During the late 19th and early 20th centuries a Shan community also developed in Chiang Mai. Today the descendants of these settlers are still to be found living in a distinctly Shan area to the northeast of the old, walled city in the Sri Phum Chang Puak area. The heart of this area, and of the Tai Yai community in Chiang Mai, is the old Shan temple of Wat Pa Pao on Mani Nopparat Road. Here, in a tranquil and picturesque setting evocative of old Shan State, Tai Yai monks and novices pray, study and relax in the shade of crazily-tilted Shan style gateways and time-warped walls. Signs in Shan script and calendars and publications produced by Shan presses both in Thailand and across the border in Shan State show that here, at least, the old traditions of Tai Yai culture are maintained.
Nearby, in the grounds of Wat Chiang Yeun on Sanam Gila Road, a large, ochre-coloured octagonal chedi in bad need of repair shows clear signs of Shan influence. All along the east side of Sanam Gila Road, between the Chiang Yeun chedi and Wat Pa Pao, live descendants of Chiang Mai's Shan community.
Until recently few of Chiang Mai's permanent residents were fully aware of the presence of a thriving Shan community in the commercial heart of the city. Wat Pa Pao is, after all, just one of more than a hundred Buddhist temples in the metropolitan area, and it is set well off the main road, so that it is possible to walk or drive past dozens of times without being aware of the unusual architecture or signs in Shan script. Recently, however, prompted by a resurgence of interest in Shan traditions and by an increased feeling of cultural confidence amongst the community, Chiang Mai's Shan inhabitants have reintroduced the Poy Sang Long ordination ceremony in the city after a hiatus of more than sixty years. Celebrations go on for several nights, with Shan food served to the accompaniment of traditional Tai Yai music, dancing and songs.
During these celebrations luk kaeo, or " crystal sons " young Shan boys about to be ordained are accommodated in the large viharn at Wat Pa Pao. Many of these novices travel to Chiang Mai from surrounding Shan communities at Mae Chaem, Mae Rim, Chiang Dao and Fang. In times past all would have made the journey to Mae Hong Son for ordination, but Wat Pa Pao's re-establishment of the Poy Sang Long tradition ensures that in future years Thailand's Shan community will have two major centres for ordination. Now that an example has been set, other Shan communities may follow suit.
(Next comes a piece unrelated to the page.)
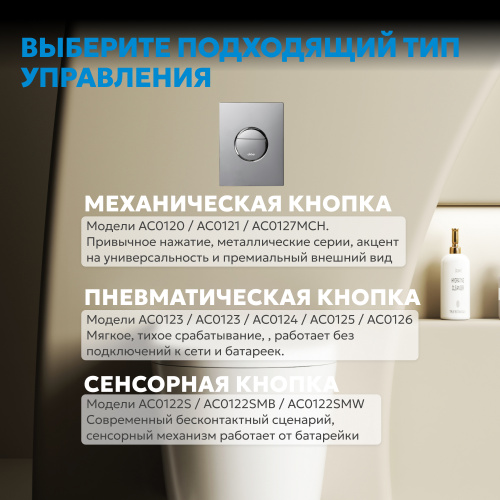 Кнопка смыва для инсталляции ABBER  пневматическая, хром глянцевый фото 8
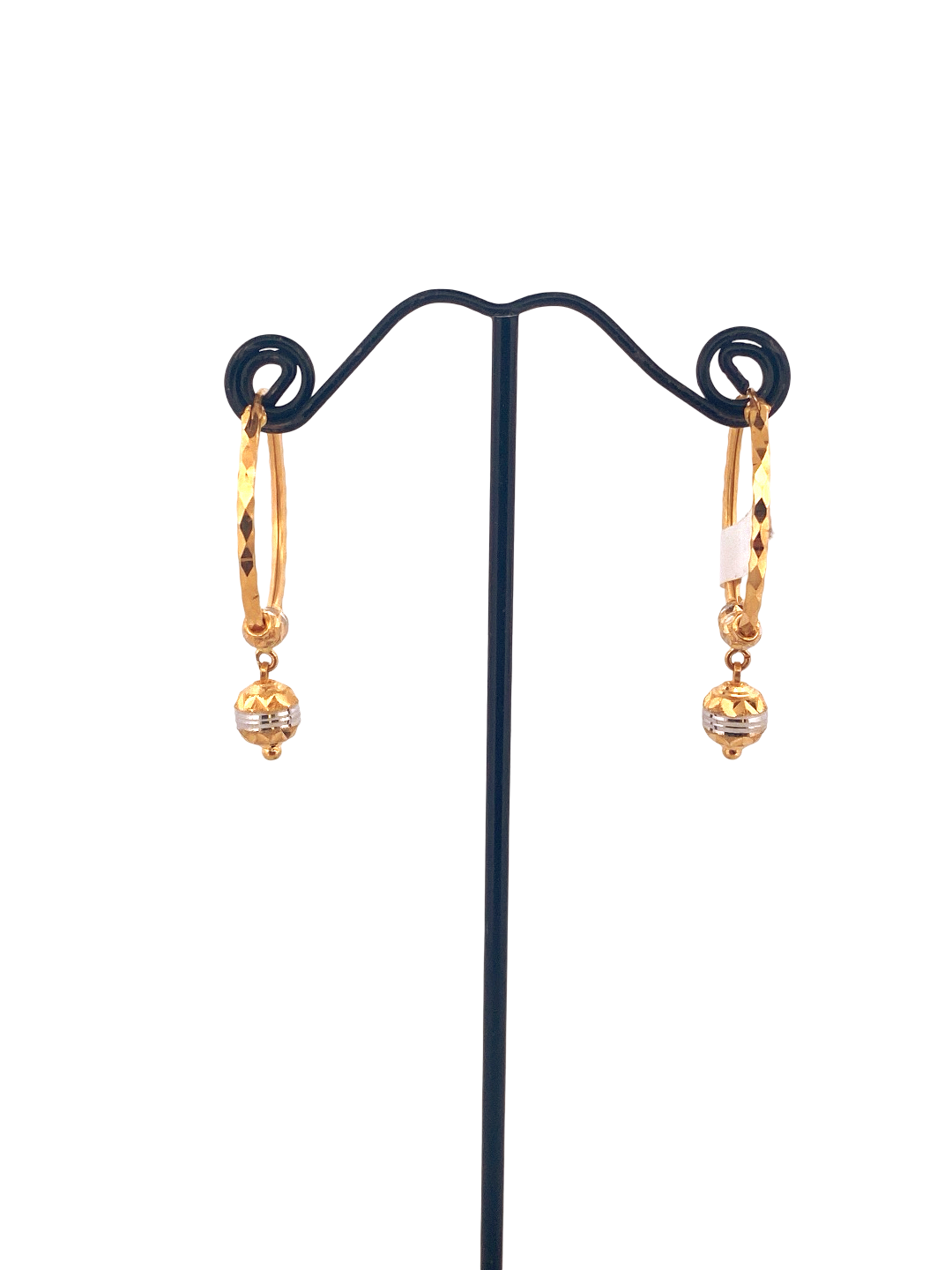 22K Gold Two-tone Designer Hoop Earrings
During Poy Sang Long the novices are elaborately arrayed in make up, jewellery and traditional Shan clothing to resemble celestial princes. They are then carried to the ubosoth, or ordination building, on the shoulders of their fathers or elder brothers, or sometimes on horseback. This is an elaborate and gorgeous ceremony, performed with much pomp and circumstance. Golden umbrellas shield the novices-to-be from the rays of the sun, and the tears of proud mothers are often to be seen.
In future years Poy Sang Long is certain to become a major attraction for visitors to Chiang Mai, enriching the city both in cultural and material terms. It is to be hoped that this will come to the attention of the present Burmese rulers of Shan State, where many Tai Yai traditions including writing and publishing literature in the Shan language are currently discouraged. Cultural diversity is, beyond question, a treasure and a basic right to be preserved and encouraged. In Chiang Mai's burgeoning " Shan Revival " both Thailand's Tai Yai community, and the Thai authorities, are showing the way to the future.